Today we went to Toledo. We saw two of the ten remaining Sephardic synagogues in Spain (Sephardic Jews are Jews from Spain or North Africa). One of the synagogues that we saw had been turned into a museum. The other was left as a tourist site, where we bought tickets to walk through the building. Cristina, our tour guide for the day, told us that after the Inquisition all synagogues had been turned into churches.
I don't understand why the person who restored the tourist-site temple left a cross hanging over the bimah (altar). When someone restores a temple, I think she should make it look exactly the way it did when it was used for worship, especially when this temple is being used to show tourists what a Sephardic synagogue was like before the Inquisition. I'm not sure why this cross made such an impression on me, but seeing it hang there really disturbed me. I wonder if the desecration of this temple evoked the same feeling in me that the Chanukah story evoked in the people of that time. If a person is going to restore a temple, she should do it completely. I think that this "church/temple" disturbed me more than seeing a temple completely turned into a church.

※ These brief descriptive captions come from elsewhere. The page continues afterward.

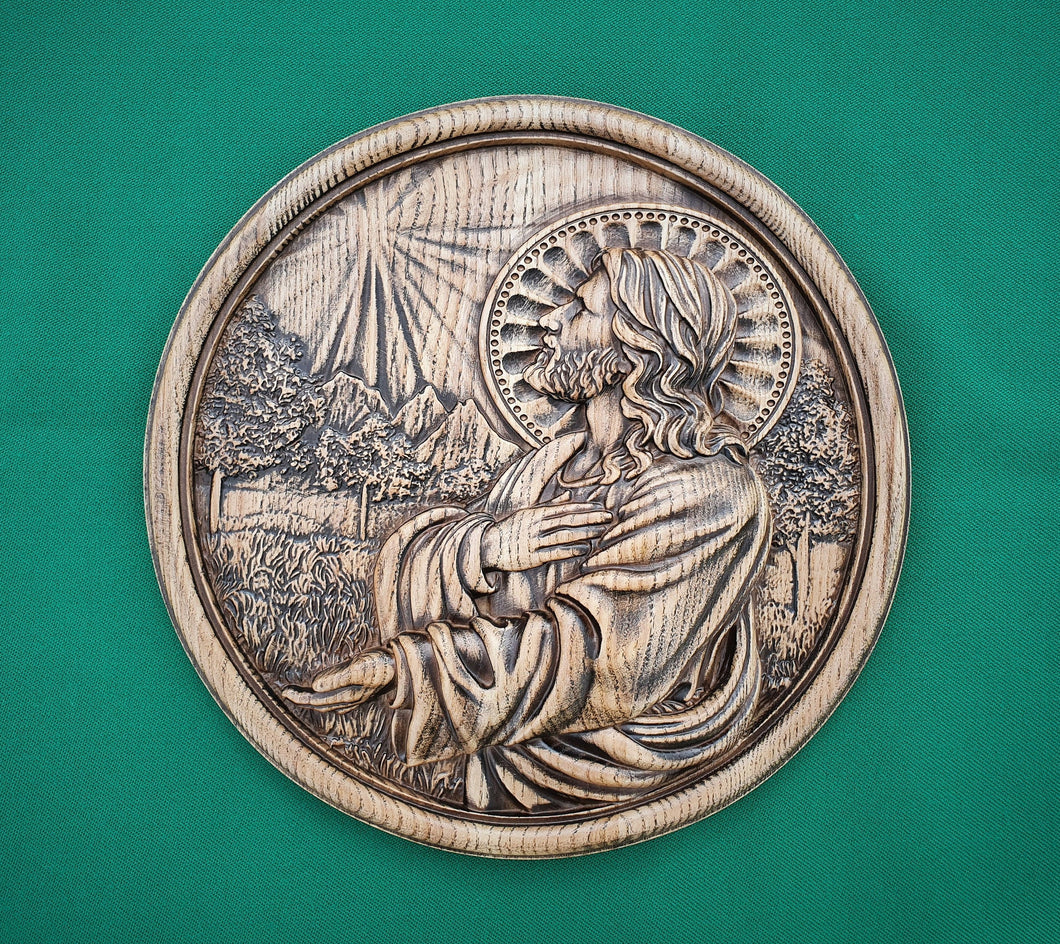 Jesus praying, wood painting in the round frame, wall hanging religious panno, religious gift
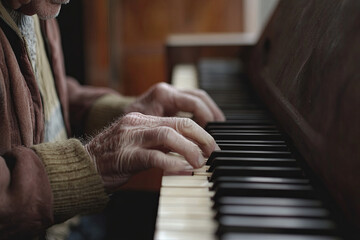 Elderly man playing a musical instrument, like a guitar or piano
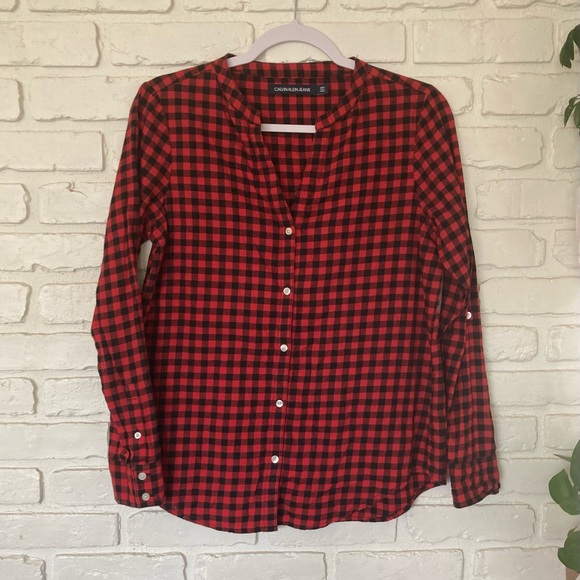 Calvin Klein Jeans Tops - Calvin Klein Jeans Button Down Red Black Plaid Shirt Top Women’s Small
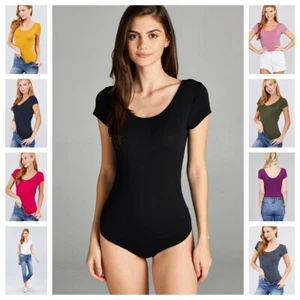 Para mujer Suave Algodón Básico Camiseta Mangas Cortas Body Escote Elastizado Tejido - Imagen 1 de 19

Although the "church/temple" episode bothered me, seeing the "museum/temple" was definitely weirder. This temple was covered with glass cases which preserve objects that I use every year, if not every week or every day of my Jewish life. Behind the glass were talitot and Torah scrolls with little labels next to them explaining what they were and how they were used. The English translations of these signs would have gone something like "Talit: A prayer shawl worn by the Jews during religious services," or "Torah: The first five books of the Bible that the Jews read during worship." It was as if I was in a museum looking at a people from a completely different time. It was like looking at an exhibit of the ancient Egyptians or the Roman temples. "Chanukia: A candelabra lit by the Jews during their festival of lights." "Seder Plate: A plate used by the Jews in the religious ceremony of Pesach (Passover), which takes place in the spring." Objects that I always assumed people knew the names of and uses for were being explained in simplistic terms on placards in a museum. This trip to Spain really showed me how protected and sheltered my life has been. "Jewish Star Necklace: An ornament worn by the Jews to symbolize their Judaism." Weird.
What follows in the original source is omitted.